The cHA/B vaccine regimen induces broadly reactive antibodies.

To determine if sequential vaccination with cHA/B HAs induces broadly reactive antibodies, we tested sera from vaccinated mice in an enzyme-linked immunosorbent assay (ELISA). We chose purified influenza B virions as the ELISA substrate. This approach has the advantage of measuring binding to “real” wild-type virions and avoids problems with reactivity toward the hexahistidine tag or the trimerization domain of purified recombinant HA. These tags/domains are also present in the recombinant cHA/B proteins used as immunogens and might interfere with the assessment of anti-HA titers. However, this strategy also has some caveats, including the variability of antigen content in the virus preparations, which makes it hard to compare results obtained with two different substrates. In addition, the whole-virus preparations contain HA, neuraminidase (NA), and internal viral proteins, and animals that received the standard of care (trivalent inactivated influenza vaccine [TIV]) might react to all of these components, while cHA/B-vaccinated mice react to HA only, which also makes a direct comparison difficult.

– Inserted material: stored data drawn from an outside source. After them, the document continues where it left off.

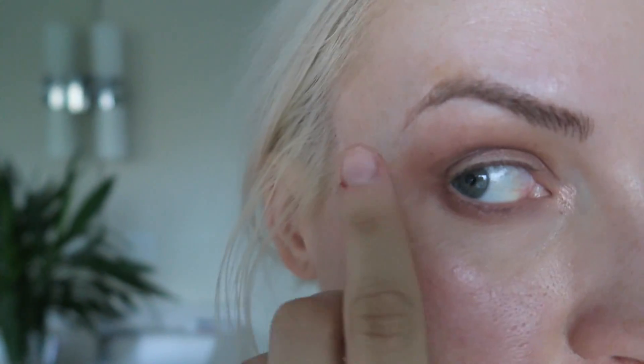It is day six post-microblading. You can see it's starting to break up a bit, but that's normal — they say it's supposed to kind of disappear before it comes back. This side looks a little rough but the other side looks a little better. It's frustrating because I really want to put makeup on them.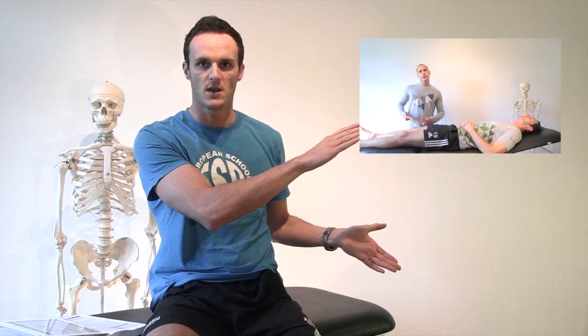Hi and welcome back to Physiotutors. My name is Kai and today we're going to be talking about AROM, or active range of motion, in the hip joint. If you want information about the passive range of motion in this joint, please click on the videos next to me or find the link below in the description. So back to AROM.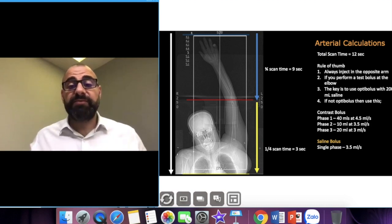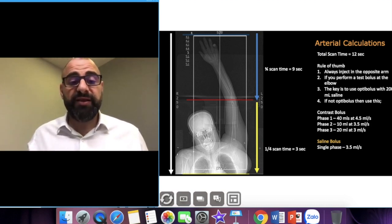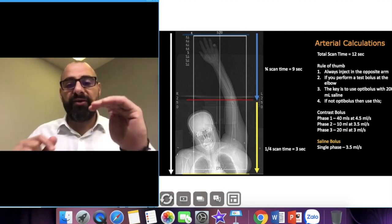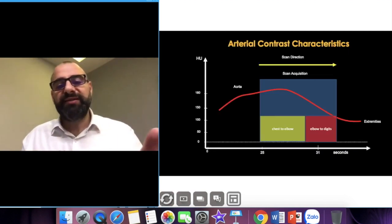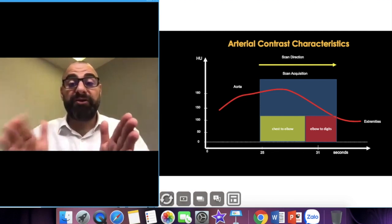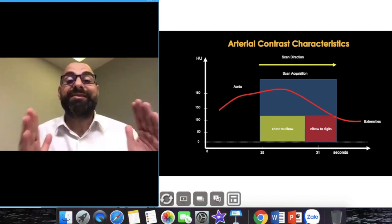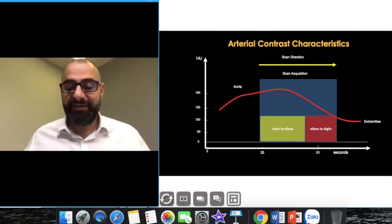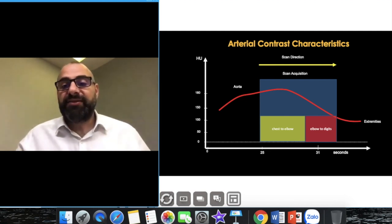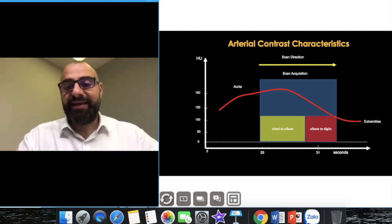Looking at contrast media flow dynamics: as contrast comes up through the aorta you always want about a two-second delay to reach the peripheries and extremities. That's why we always scan from the chest to the fingertips but monitor at the elbow — because by the time we've scanned halfway through, the contrast is right at the fingertips, giving good filling. That's something to really pay attention to.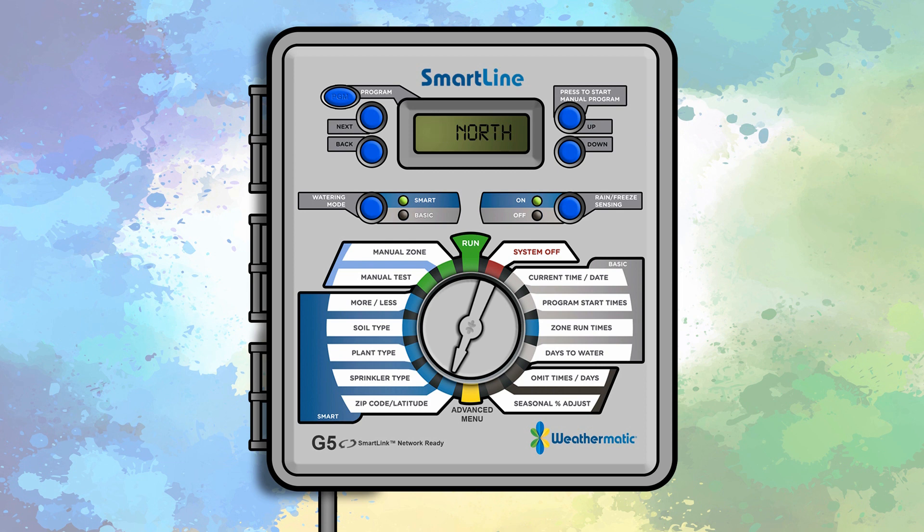Next, turn the dial to the sprinkler type position. The left side of the display will show the zone number and the right side will flash off. Use the up and down buttons to cycle through the sprinkler types: spray, rotor, drip, and bubbler.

ELISAs were performed against the ancestral strain B/Lee/40; the Yamagata lineage strains B/Yamagata/16/88, B/Florida/04/06, and B/Phuket/3073/13; as well as the Victoria lineage strains B/Victoria/2/87, B/Malaysia/2506/04, and B/Brisbane/60/08 (Fig. 3A to G). In all cases, cHA/Bcys and cHA/Bala induced antibody responses that were significantly greater than responses in the prime-only animals, and antibody induction was relatively constant for all tested strains. Sera from animals that received TIV were used as positive controls. Importantly, these sera, as mentioned above, react to HA, NA, and internal proteins of the ELISA substrate, while sera from cHA/B-vaccinated animals react only with the HA stalk. We also analyzed the induction of antibodies over the course of the vaccination regimen and found that the second vaccination induced a higher-level induction than did the first vaccination (Fig. 3H). Overall, the cHA/B-based vaccination strategy led to the induction of broadly reactive antibodies that covered influenza B virus strains from 1940 to 2013.

FIG 3.

FIG 3

Vaccination with cHA/B constructs induces antibody responses against diverse influenza B viruses. (A to G) Quantitative ELISA reactivity reported as endpoint titers for animals vaccinated with the cHA/Bcys and cHA/Bala constructs and their respective prime-only groups (prime-onlycys and prime-onlyala) as well as for naive animals. Sera from animals that received inactivated influenza B virus vaccines were used as positive controls. A panel of purified influenza B viruses representing the ancestral, Victoria (Vic), and Yamagata (Yam) lineages was used as the ELISA substrate. Strains are indicated. Importantly, the reactivity of serum from cHA/B-vaccinated animals is directed against HA only, while positive-control serum is the sum of the reactivity to HA, NA, and conserved internal viral proteins. The geometric mean is indicated for each sample set (n = 10 for all groups except the positive-control groups [n = 5]). (H) Profile of reactivity against one selected substrate (B/Florida/04/06) over the course of the vaccination experiment. Statistical significance is indicated where tested (n.s., not significant [P > 0.05]; *, P ≤ 0.05; **, P ≤ 0.01).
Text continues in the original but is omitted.